Wednesday, September 06, 2006

Identity

This is from an email conversation with a friend. It seems to me there's an influence in our life that strongly influences many of our positions.

That is whether one has been a member of the minority or majority while growing up. This greatly influences who one would tend to sympathize with on an issue. The issue may not personally affect one or one may not belong to either community in the dispute.

As for myself, I find myself sympathetic to minorities, probably because of having grown up as a minority member. In every situation, I'm likely to find for the minority, even if I don't belong there, I tend to be able to sympathize better. I'm starting to think that this conditioned instinct is stronger than any other. Consider this - regardless of how we are viewed by Americans and what our status is in US society, Indians with Hindu upbringing are much more likely to identify with whites and follow their logic than Indians with Muslim/Christian upbringing. The latter group tends to identify with the other races. i.e. the "normal" people of India identify with the views of "normal" Americans more easily and "odd" Indians do the same with "odd" Americans. This seems independent of other alignments such as liberal/conservative etc.

I don't particularly like the Christian faith (that of my parents) and am much more at ease with the Hindu point of view. Still, at another level I identify with the Syrian Christian community though I strongly dislike the church doctrine. If it came to conflict between the Hindus and Christians on whether everyone should become Hindus or not, I would readily jump in with the Christians/Muslims/whoever simply on the basis of the belief that homogenization should not be forced and minorities should integrate in normal life WITHOUT having to change who they are. This is not just religion. I usually find this to be the case when people of one language live as a minority among people of another etcetera AND have no recourse to a situation where they can become the majority (counterexample is the Northie living in, say, Chennai. He/She can feel odd and unusual and all the baggage that goes with it. But he/she knows all the while that on the national scale, he is among the majority and the Tamils are the minority. So he can still have a pro-majority line easily.)

Even though Muslims are closer to Christianity, the "normal" religion here, Hindus are much quicker to integrate. They are generally in favor of getting all immigrants to learn English and live the American way, probably having some frustration from back home that some parts of the Indian population does not integrate into the "Indian" lifestyle.

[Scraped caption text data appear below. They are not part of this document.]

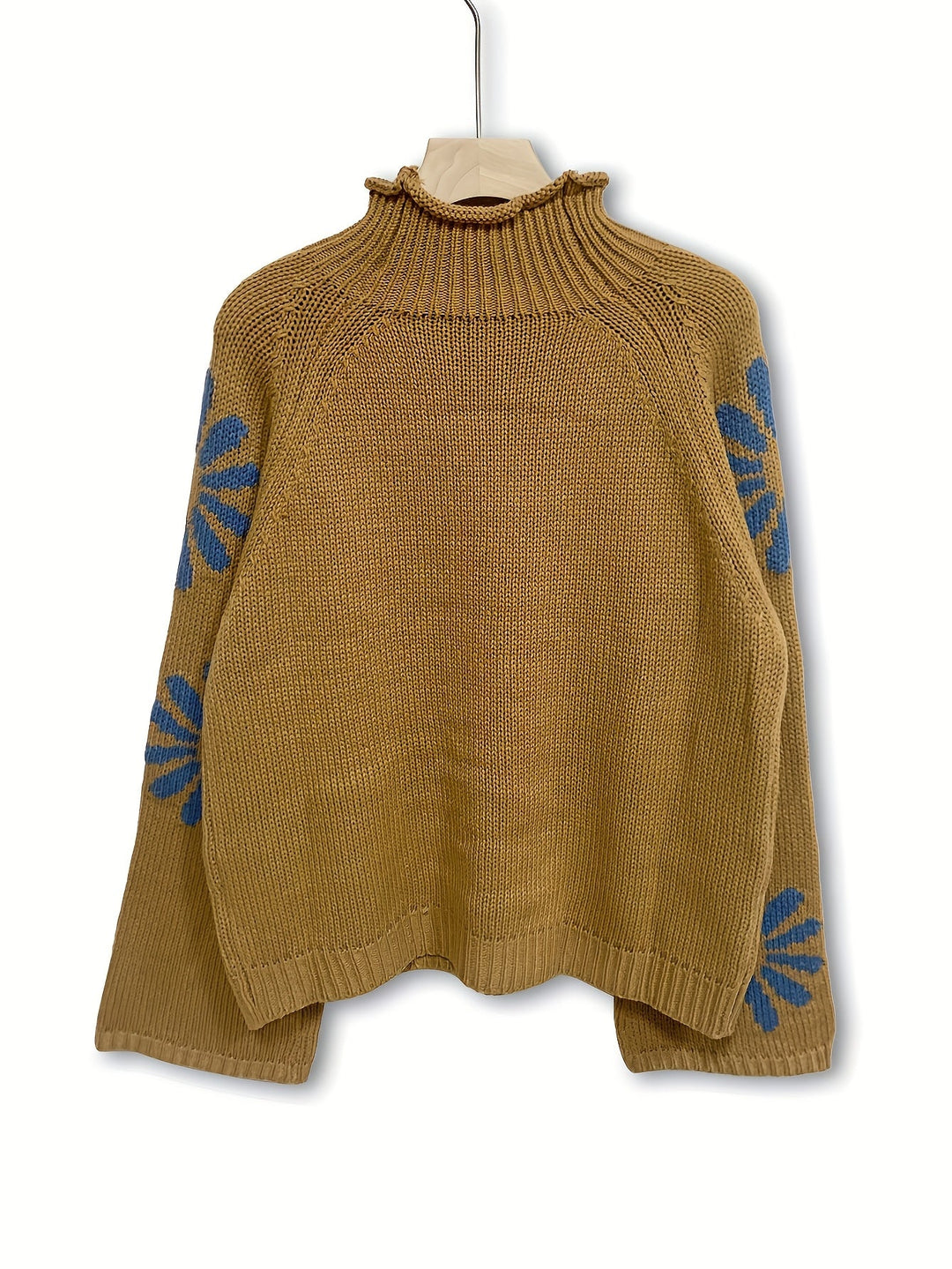 Daria | Women's Floral High Neck Knit Jumper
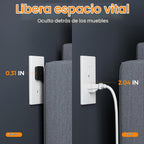 TESSAN Regleta delgada con cable de extensión plano ultrafino de 5 pies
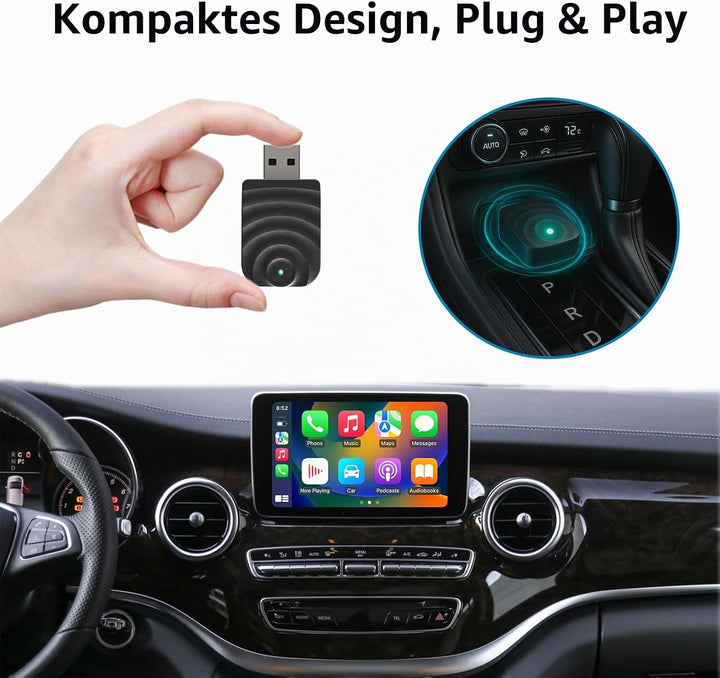 Sunweyer S21 Wireless CarPlay und Android Auto Adapter, 2 in 1 Auto Konnektivität Dongle, Plug & Pla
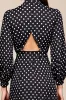 Black Polka Dot Long Sleeve A Line Wedding Guest Dress sold by Zapaka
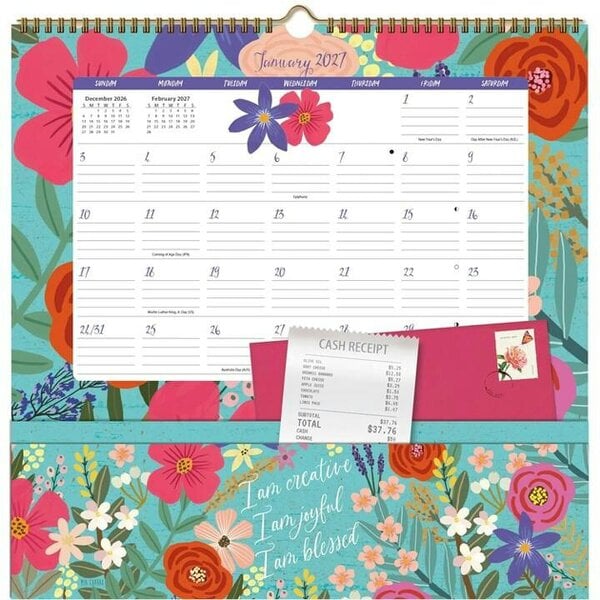 Shine Within Note Nook Family Planner 2027, Wall Calendars, Month To View, Lifestyle, Gift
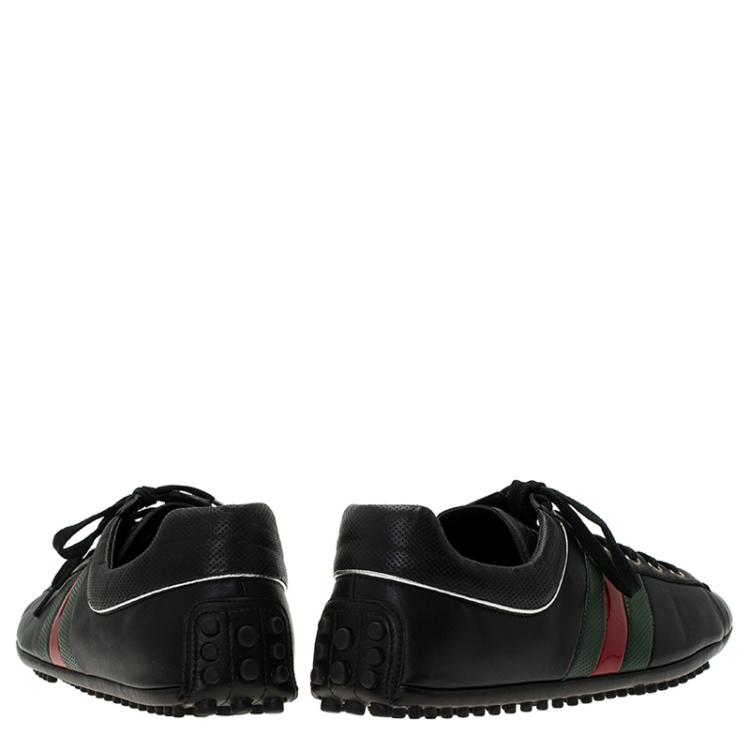 Pre Owned Gucci Black Leather Sneakers Size 42.5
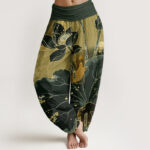 Buddha Stones Casual Lotus Petal Pattern Women's Elastic Waist Harem Pants - DarkOliveGreen - US22，UK/AU26，EU54 (6XL) - image 5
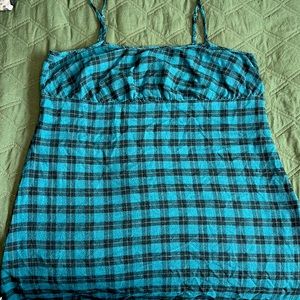 plaid green mini dress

In the case of the second generation, kids of Hindus barely consider themselves Hindus religion-wise, though they might take up the culture, whereas the second gen. Muslims kids often are really Muslims themselves. Second gen. Hindu kids depart radically from their parents on majority vs. minority, having grown up as minority in this country. Perhaps this IS the reason for the phenomenon mentioned in para. above since 2nd gen Muslim kids and their parents both fall on the same side of this fence. (I'm just gathering this from the news and the 'net.)

This phenomenon, is probably correctly generalized to "powerful" group rather than "majority".